=== Stored data ===
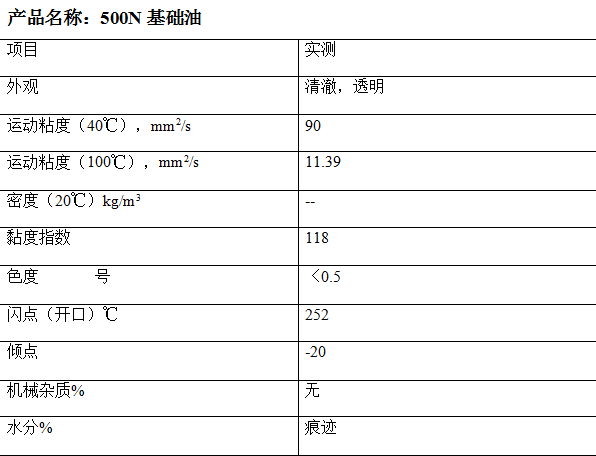 台塑500N|500N台塑|国产500n基础油|进口基础油500N 2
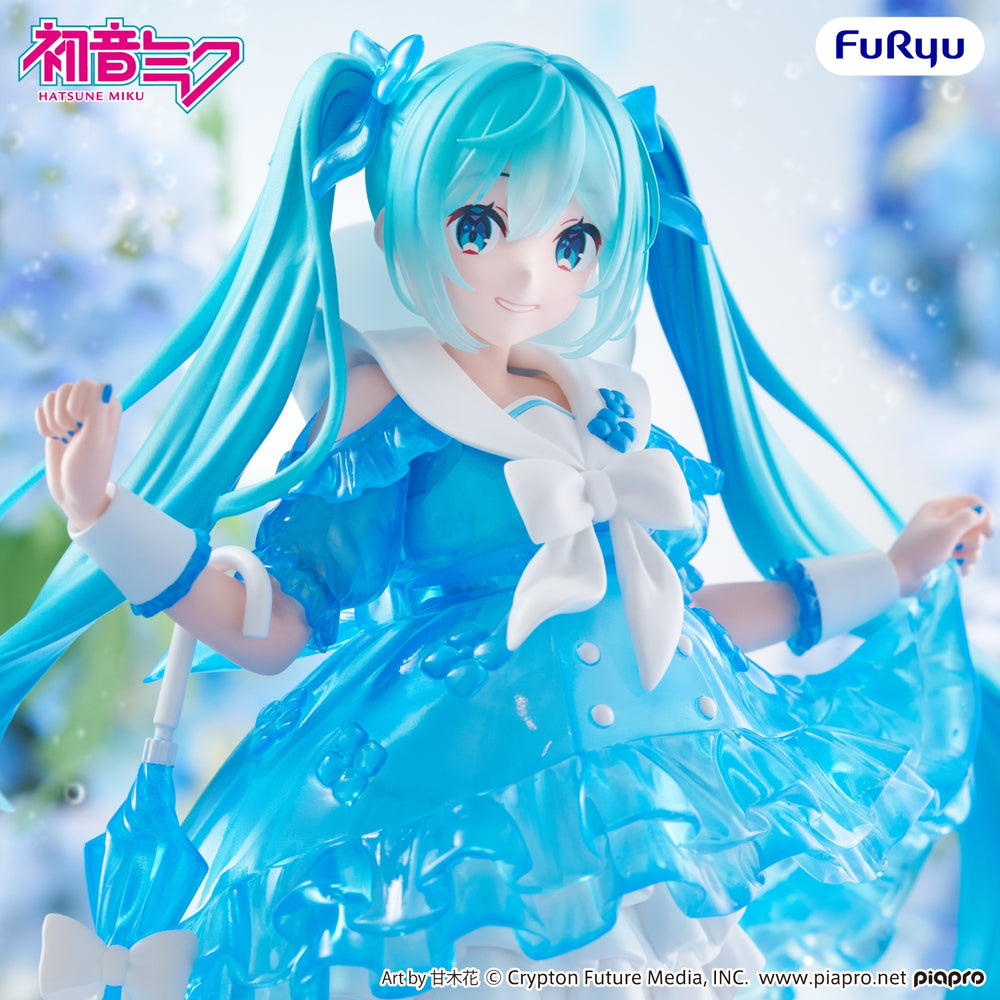 HATSUNE MIKU - Rainy Dance - Statue Trio-Try-It 19cm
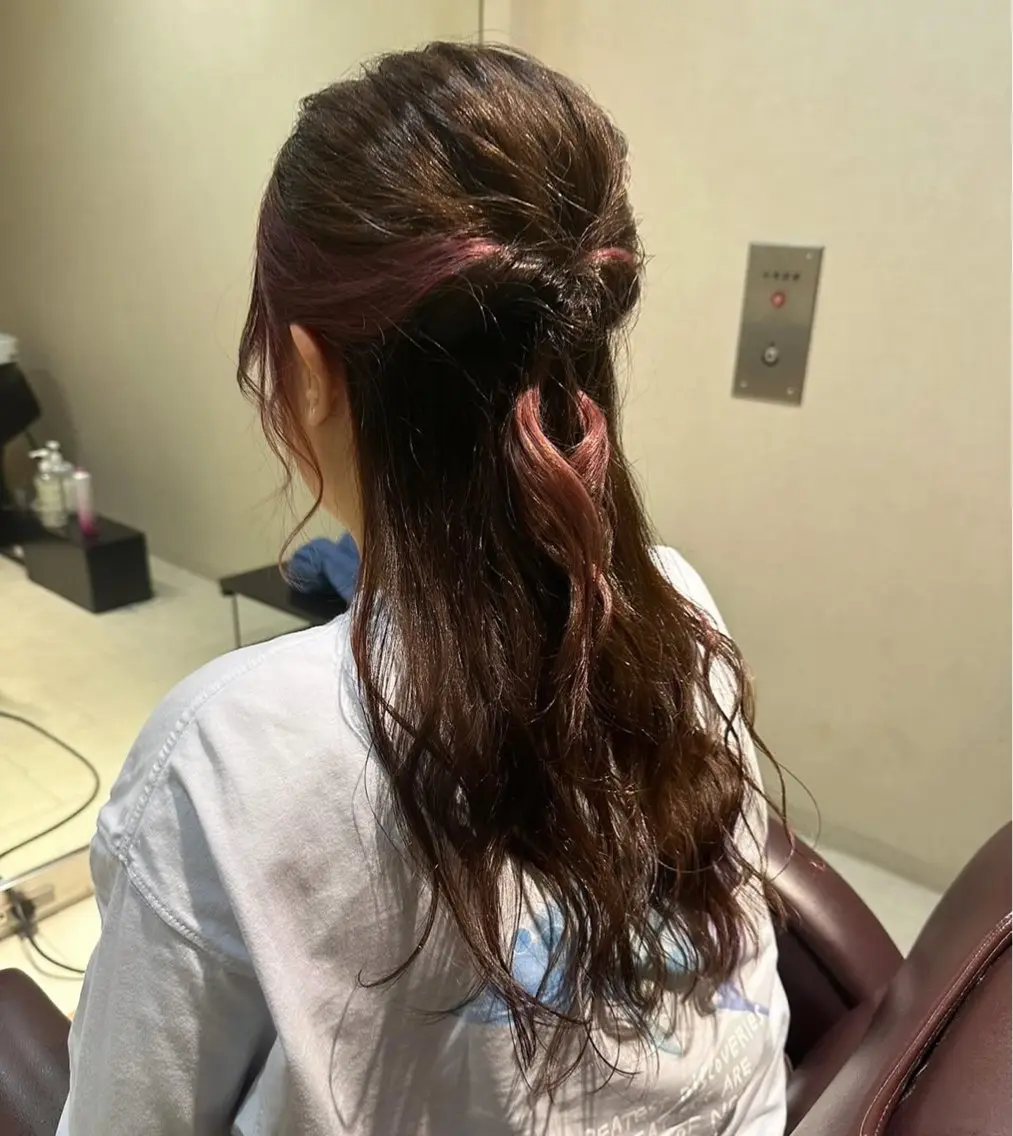 ロング 髪質改善 阿部 祥大のヘアスタイル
===
In the copy, include no pictures; restate the listing above exactly.

• _Answer box_
 台塑500N|500N台塑|国产500n基础油|进口基础油500N 2
 HATSUNE MIKU - Rainy Dance - Statue Trio-Try-It 19cm
 ロング 髪質改善 阿部 祥大のヘアスタイル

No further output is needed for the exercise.